The Apex court identified the following as the main issue of the prevailing case- whether the High Court was justified in rejecting the application filed under section 11 for reference to arbitration the ground that it was barred by limitation?
Rules applied in this case are section 16 that envisages within its scope the principle of kompetenz-kompetenz and section 11(6-A) that was added to the Arbitration and Conciliation Act, 1999 by way of an amendment in 2015. The doctrine of kompetenz-kompetenz and states that the Arbitral Tribunal shall always be competent to rule on its own jurisdiction including the validity and existence of the arbitral agreement. The court then moves to look at the intent of the legislature behind enacting the Arbitration Act. It identifies the necessity of minimal judicial interference and party autonomy as the foremost reasons for the same. The court concludes by saying that the issue of limitation is a jurisdictional one that ought to be decided by the Arbitrator and not the High Court at the pre-reference stage.

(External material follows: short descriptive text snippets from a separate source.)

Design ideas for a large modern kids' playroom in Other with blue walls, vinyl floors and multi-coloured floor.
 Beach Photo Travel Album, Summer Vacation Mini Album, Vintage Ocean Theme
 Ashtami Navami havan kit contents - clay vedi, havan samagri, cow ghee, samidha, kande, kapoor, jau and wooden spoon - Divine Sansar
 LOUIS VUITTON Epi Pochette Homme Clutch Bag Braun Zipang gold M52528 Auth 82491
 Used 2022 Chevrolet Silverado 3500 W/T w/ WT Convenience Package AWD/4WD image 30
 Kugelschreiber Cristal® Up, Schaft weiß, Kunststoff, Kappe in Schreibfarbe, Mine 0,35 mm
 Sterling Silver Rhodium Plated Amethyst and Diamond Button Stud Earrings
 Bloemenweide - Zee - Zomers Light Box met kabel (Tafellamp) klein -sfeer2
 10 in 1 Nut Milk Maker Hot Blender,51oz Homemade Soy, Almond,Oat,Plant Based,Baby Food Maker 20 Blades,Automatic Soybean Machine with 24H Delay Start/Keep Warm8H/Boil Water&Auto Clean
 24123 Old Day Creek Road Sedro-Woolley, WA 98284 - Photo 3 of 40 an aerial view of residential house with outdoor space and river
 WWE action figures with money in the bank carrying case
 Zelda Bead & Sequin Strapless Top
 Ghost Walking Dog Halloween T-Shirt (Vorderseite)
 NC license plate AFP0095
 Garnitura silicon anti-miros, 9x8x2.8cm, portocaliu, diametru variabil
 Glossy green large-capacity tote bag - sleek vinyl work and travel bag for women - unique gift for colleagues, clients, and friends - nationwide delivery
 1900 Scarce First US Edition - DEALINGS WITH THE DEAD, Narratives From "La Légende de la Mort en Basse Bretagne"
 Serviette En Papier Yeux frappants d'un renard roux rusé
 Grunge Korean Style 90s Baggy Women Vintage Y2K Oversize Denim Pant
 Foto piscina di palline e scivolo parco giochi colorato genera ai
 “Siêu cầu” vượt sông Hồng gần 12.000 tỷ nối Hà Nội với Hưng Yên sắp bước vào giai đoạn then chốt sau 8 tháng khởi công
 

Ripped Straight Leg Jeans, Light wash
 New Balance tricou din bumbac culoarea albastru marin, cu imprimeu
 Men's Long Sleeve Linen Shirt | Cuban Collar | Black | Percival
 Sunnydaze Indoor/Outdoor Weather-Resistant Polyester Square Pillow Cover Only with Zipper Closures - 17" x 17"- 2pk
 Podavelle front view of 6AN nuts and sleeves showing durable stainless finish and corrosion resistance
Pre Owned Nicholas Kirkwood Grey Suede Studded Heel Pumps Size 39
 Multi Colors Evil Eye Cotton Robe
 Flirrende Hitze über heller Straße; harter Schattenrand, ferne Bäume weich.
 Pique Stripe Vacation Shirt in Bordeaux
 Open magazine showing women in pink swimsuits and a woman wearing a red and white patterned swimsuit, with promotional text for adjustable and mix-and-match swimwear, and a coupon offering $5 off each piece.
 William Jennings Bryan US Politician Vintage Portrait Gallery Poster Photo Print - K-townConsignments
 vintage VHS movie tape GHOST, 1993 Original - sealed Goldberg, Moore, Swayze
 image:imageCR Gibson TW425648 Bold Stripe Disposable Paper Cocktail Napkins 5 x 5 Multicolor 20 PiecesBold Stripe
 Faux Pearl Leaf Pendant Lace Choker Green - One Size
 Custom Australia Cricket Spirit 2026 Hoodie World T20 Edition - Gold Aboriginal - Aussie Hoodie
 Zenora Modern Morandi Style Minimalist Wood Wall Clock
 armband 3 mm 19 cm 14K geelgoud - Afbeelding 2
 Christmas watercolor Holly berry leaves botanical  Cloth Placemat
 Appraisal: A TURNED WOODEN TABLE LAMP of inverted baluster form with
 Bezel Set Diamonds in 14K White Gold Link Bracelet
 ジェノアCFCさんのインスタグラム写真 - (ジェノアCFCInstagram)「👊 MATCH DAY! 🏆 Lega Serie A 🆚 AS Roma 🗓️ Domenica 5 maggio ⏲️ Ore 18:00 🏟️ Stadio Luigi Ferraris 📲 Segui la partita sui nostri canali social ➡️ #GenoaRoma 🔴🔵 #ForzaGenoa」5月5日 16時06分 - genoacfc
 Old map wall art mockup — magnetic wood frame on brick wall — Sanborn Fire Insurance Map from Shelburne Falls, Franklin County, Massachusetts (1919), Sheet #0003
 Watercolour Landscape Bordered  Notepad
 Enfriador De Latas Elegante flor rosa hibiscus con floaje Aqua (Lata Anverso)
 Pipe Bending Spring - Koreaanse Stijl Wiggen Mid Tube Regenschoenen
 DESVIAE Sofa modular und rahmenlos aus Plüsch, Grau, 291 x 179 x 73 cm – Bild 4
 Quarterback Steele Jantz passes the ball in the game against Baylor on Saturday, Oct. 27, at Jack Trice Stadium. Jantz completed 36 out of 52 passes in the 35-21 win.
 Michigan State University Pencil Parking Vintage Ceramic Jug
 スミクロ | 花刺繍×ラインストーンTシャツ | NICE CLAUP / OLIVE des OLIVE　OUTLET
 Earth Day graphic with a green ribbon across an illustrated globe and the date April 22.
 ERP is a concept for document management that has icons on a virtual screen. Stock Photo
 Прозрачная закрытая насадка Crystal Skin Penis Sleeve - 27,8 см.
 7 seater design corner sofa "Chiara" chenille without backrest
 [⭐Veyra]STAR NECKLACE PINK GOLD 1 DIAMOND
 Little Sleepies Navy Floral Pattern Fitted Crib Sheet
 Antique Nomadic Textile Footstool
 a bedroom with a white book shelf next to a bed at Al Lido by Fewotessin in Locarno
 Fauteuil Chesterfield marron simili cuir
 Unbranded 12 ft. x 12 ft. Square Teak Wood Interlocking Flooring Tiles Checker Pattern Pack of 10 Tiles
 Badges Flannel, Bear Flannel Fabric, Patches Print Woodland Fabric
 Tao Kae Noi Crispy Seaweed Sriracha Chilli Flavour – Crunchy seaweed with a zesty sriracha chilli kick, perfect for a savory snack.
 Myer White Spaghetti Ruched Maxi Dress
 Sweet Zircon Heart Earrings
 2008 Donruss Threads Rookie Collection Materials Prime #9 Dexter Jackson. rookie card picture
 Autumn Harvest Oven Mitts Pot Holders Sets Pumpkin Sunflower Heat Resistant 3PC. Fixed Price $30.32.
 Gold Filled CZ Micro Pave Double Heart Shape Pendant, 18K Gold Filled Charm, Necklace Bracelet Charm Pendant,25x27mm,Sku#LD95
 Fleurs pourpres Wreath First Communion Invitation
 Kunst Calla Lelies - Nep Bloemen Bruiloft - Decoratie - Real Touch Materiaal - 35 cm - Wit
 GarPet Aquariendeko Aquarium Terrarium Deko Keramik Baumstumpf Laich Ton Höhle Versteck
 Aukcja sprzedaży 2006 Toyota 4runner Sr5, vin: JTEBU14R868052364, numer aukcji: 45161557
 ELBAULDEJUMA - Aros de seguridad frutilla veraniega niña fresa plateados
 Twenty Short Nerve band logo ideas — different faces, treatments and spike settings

Before the enactment of section 11(6-A) th scope of power of the court extended to deciding the (i) validity of the arbitration agreement, (ii) whether person seeking the appointment of the arbitrator was a party to the arbitration agreement, (iii) whether the party making the application had approached the appropriate high court, (iv) whether the time barred claim was sought to be resurrected or (v) whether parties had resolved their dispute by deciding upon their rights and obligations and received final payment without objection. Since the enactment of section 11(6-A) that is a non-obstante clause, these rights as identified in certain Supreme Court judgments were legislatively overruled.
It is necessary to be noted that section 11(6-A) has been omitted from the 2019 Amendment.